Few know of BDS movement, few agree with its aims

July 13, 2017



TORONTO, JULY 13, 2017 – In the sixth wave of the Campaign Research Poll, a national online public opinion omnibus survey conducted among a sample of 1,540 Canadian consumers, just one tenth (10%) of participants were familiar with the Boycott, Divest and Sanctions (BDS) movement directed at the State of Israel. Awareness of this movement is highest in Alberta (13%), Toronto (13%), the Atlantic provinces (13%), BC (14%), high income earners ($80,000 to $100,000 - 13%; $100K to $250K - 14%), younger consumers (25 to 34 - 15%) and males (12%).

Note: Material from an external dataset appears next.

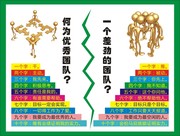 企业团队宣传图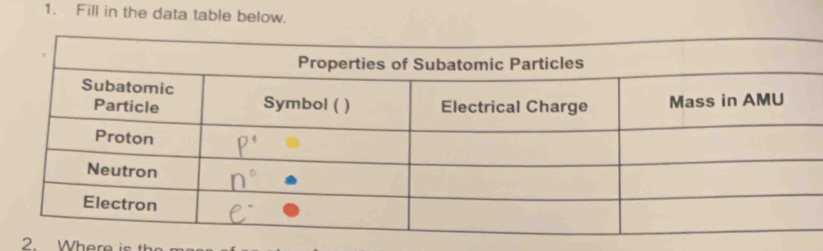 Fill in the data table below. 
2. Where is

During our study, participants were told that the objective of the BDS movement is to encourage a boycott, divestment of assets and economic sanctions against the State of Israel. They were asked whether they agree or disagree with this position. One fifth agreed (19%), whereas slightly less than one third disagreed (31%). However, half of the participants did not have an opinion on the subject (49%). This could be ascribed to the low awareness of the BDS movement. Agreement with BDS was highest amongst younger consumers (18 to 24 years of age - 32%), males (22%), more than females (16%), Quebec (26%) and BC (22%). There was also greater agreement with the BDS movement amongst Francophones (28%) over English speakers (17%), Bloc and Green supporters (35% each) as well as the wealthiest ($100K to $250K - 23%).


Among those who were aware of the BDS movement, the plurality agreed with its objective (43%), while a slightly smaller proportion did not (40%). One fifth did not have an opinion on this issue (17%).


“Very few Canadians are aware the BDS movement exists. However, its familiarity and approval amongst millennials may be due to its academic value in universities as a prominent foreign policy issue.” said Eli Yufest, CEO of Campaign Research. Eli may be reached at eyufest@campaignresearch.ca or at (647) 931 4025, ext 109




This online poll was conducted between July 7 and July 10, 2017 among a panel of 1,540 Canadian consumers. A probability sample of this size would have a margin of error of plus or minus 2%, 19 out of 20 times.